Because 1/2" bit are available in much greater diameters than the 1/4" size, there is the likelihood that some "fool" would attempt to use a 3" raised panel bit in a palm router and it would "catch" and be thrown across the room killing the cat. A lawsuit would ensue and the cat would get get posthumous monetary compensation and be put on Welfare, be able to vote in certain states without ID laws and get a write up in People magazine. The cat's owner would be sued for "cruelty to animals" and jailed as a felon ... unless pardoned by Obama in the latest round of releases. It could get ugly... just sayin':surprise2:


----------



## epicfail48 (Mar 27, 2014)

woodnthings said:


> Because 1/2" bit are available in much greater diameters than the 1/4" size, there is the likelihood that some "fool" would attempt to use a 3" raised panel bit in a palm router and it would "catch" and be thrown across the room killing the cat. A lawsuit would ensue and the cat would get get posthumous monetary compensation and be put on Welfare, be able to vote in certain states without ID laws and get a write up in People magazine. The cat's owner would be sued for "cruelty to animals" and jailed as a felon ... unless pardoned by Obama in the latest round of releases. It could get ugly... just sayin':surprise2:


Did you write any commercials for DirectTv by chance?


----------



## subroc (Jan 3, 2015)

woodnthings said:


> Because 1/2" bit are available in much greater diameters than the 1/4" size, there is the likelihood that some "fool" would attempt to use a 3" raised panel bit in a palm router and it would "catch" and be thrown across the room killing the cat. A lawsuit would ensue and the cat would get get posthumous monetary compensation and be put on Welfare, be able to vote in certain states without ID laws and get a write up in People magazine. The cat's owner would be sued for "cruelty to animals" and jailed as a felon ... unless pardoned by Obama in the latest round of releases. It could get ugly... just sayin':surprise2:


And then he could write a bad tool review on the router, the bit, the truck that delivered it, the box company that packaged it and the sandwich shop that made all their lunches.


----------



## TimPa (Jan 27, 2010)

I hated that cat anyway.


----------



## tvman44 (Dec 8, 2011)

Never saw a palm router with a 1/2" chuck. Palm routers are designed for light duty, therefore only 1/4" bits are necessary.


----------



## mahoganeat (Apr 24, 2021)

woodnthings said:


> *probably not going to find one ...*
> 
> Because 1/2" bit are available in much greater diameters than the 1/4" size, there is the likelihood that some "fool" would attempt to use a 3" raised panel bit in a palm router and it would "catch" and be thrown across the room killing the cat. A lawsuit would ensue and the cat would get get posthumous monetary compensation and be put on Welfare, be able to vote in certain states without ID laws and get a write up in People magazine.
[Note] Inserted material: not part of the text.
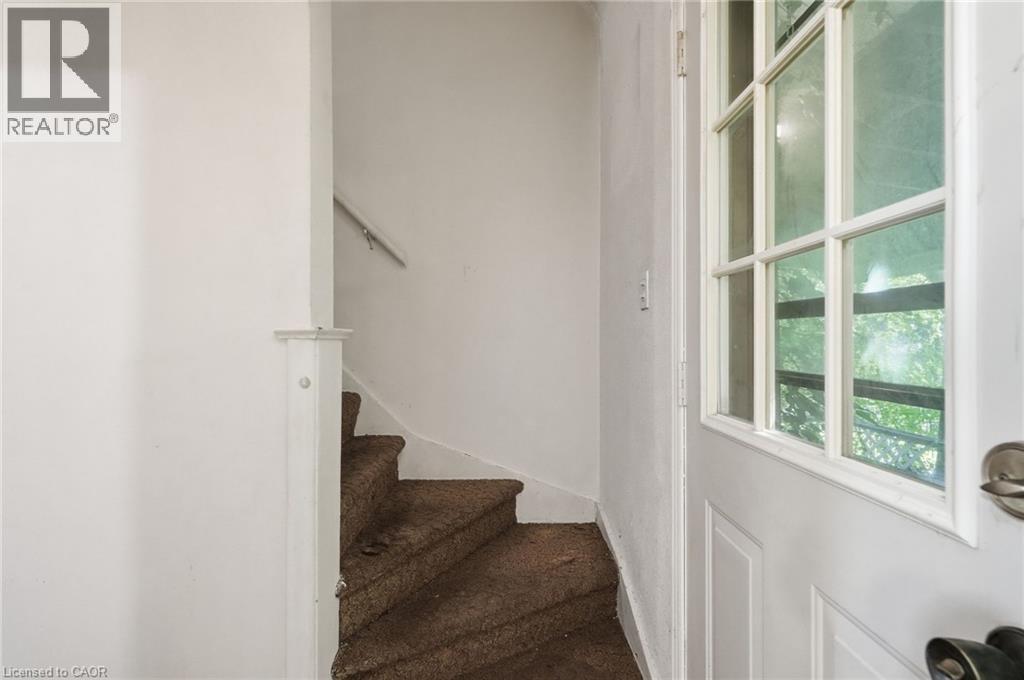 34 EATON Place - 15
The cat's owner would be sued for "cruelty to animals" and jailed as a felon ... unless pardoned by Obama in the latest round of releases. It could get ugly... just sayin':surprise2:


This is the funniest response I’ve read in a long time. Love how quickly it goes off the rails.


----------



## FirebirdHank (Jan 25, 2021)

If you have "Incredible Hulk" hands, your 3 h.p. plunge router is palm router. No problem!


----------